Talk Abstract: Information Risk is an important field that encompasses multiple existing disciplines and overcomes the boundaries among them that has impeded knowledge sharing and effective management of integrated business projects. These projects often span multiple organizational groups and use different structured frameworks of information, data, computing, and security management. The practical realities intrinsic to performing this work leads to gaps in complying with regulations, ensuring secure operations, satisfying auditors, and even meeting program objectives for data analysis and business uses. This talk describes how deeply embedded data disparities that remain hidden to typical data methods lead to high error rates in project results. Lessons learned from assessing and correcting these situations is presented with examples of the problems and methods to detect and fix them. 
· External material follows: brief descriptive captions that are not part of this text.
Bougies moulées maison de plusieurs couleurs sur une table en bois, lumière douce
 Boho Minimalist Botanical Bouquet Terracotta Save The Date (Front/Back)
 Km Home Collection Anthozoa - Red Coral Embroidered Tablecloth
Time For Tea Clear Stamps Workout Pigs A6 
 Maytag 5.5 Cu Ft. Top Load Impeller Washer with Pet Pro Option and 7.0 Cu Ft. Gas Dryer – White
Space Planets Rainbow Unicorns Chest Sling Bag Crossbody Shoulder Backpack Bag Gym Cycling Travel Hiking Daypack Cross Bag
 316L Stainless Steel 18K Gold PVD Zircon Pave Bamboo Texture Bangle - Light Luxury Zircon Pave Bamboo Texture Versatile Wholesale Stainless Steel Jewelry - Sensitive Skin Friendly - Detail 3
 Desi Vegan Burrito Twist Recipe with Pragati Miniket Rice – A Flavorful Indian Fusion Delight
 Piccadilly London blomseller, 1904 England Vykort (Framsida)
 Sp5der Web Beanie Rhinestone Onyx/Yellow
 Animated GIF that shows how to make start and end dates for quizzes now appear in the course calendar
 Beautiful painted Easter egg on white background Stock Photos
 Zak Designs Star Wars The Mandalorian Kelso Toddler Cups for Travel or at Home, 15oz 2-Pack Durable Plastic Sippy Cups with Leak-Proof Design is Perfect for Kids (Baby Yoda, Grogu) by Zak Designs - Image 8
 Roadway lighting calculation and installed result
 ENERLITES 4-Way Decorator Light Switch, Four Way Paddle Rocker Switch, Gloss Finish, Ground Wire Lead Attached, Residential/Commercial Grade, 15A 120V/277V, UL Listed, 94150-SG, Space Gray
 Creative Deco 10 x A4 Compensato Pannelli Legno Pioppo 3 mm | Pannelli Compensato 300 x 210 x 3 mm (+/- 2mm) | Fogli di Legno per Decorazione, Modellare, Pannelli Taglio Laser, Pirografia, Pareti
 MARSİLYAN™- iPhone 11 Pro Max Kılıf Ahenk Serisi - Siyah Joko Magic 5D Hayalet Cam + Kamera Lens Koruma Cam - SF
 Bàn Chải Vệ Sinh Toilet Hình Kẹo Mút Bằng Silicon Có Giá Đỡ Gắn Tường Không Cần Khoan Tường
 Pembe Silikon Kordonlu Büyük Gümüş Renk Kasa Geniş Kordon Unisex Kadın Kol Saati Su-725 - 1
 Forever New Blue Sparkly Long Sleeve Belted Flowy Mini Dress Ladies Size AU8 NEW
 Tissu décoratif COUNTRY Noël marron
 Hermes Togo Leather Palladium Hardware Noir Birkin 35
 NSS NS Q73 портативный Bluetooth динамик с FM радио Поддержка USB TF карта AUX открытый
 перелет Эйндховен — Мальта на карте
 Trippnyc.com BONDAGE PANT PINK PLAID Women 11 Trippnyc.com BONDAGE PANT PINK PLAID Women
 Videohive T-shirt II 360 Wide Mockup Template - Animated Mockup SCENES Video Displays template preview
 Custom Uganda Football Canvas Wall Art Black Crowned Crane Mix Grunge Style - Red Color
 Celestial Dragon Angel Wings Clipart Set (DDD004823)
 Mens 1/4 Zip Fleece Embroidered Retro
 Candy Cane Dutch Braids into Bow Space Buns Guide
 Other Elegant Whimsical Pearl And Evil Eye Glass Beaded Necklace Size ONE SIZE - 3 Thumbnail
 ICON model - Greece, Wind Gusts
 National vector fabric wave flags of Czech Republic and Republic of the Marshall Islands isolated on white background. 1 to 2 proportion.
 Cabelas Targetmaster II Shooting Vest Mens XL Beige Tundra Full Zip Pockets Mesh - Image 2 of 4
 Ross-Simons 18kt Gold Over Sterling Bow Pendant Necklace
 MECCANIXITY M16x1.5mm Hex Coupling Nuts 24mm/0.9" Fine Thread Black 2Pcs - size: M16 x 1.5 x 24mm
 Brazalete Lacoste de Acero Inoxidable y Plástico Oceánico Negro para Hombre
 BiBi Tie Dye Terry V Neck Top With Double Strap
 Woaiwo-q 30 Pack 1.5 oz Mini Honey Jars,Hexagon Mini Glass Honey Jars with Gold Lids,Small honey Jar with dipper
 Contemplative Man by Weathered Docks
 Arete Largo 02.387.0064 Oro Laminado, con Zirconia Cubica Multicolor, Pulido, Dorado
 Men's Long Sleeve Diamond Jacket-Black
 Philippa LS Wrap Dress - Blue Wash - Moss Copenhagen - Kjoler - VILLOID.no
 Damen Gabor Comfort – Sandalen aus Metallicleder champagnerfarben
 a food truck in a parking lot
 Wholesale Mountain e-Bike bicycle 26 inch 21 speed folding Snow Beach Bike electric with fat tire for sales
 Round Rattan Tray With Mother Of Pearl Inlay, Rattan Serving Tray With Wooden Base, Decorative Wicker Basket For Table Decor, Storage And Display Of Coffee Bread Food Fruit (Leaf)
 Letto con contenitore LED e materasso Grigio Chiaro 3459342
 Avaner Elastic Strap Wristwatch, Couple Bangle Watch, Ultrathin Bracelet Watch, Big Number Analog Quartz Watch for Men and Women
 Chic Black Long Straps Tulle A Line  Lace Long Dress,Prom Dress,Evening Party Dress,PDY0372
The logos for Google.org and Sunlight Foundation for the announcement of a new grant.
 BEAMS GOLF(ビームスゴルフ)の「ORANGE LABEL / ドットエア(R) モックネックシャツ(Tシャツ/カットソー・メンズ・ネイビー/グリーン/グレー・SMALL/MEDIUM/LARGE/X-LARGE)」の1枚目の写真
Bio: Geoffrey Malafsky has a PhD in Chemistry from Penn State University and was a research scientist studying fundamental Nanotechnology at the Naval Research Laboratory in Washington, DC. He subsequently joined SAIC and was Director Technology Innovation supporting diverse clients in DARPA, ONR, and DoD as technology expert on advanced programs. He then formed his first company, TECHi2, providing technical expertise to large Govt and corporate clients in data integration, metadata implementation, semantic technology, Enterprise Architecture, and Knowledge Management. Lessons learned from this work led him to form his second company Phasic Systems Inc. which developed a custom enterprise grade product, DataStar, that blended the critical components of these disciplines into an integrated framework working on top of Hadoop for Big Data normalization and custom business logic high performance computing. He is now CEO and Chief Scientist of two startup companies: TechnikInterlytics and SafeHaven. TechnikInterlytics refines the technology and methods established with the enterprise data normalization product into an automated expert system that performs deep inspection of diverse data sets to discover and correct in real-time the complicated oft hidden data disparities that prevent high quality data science processing. SafeHaven provides B2B API based identity management and consolidated parental controls for youth eSports and online gaming with strong security, ease of use, and adherence to industry standards and government regulations.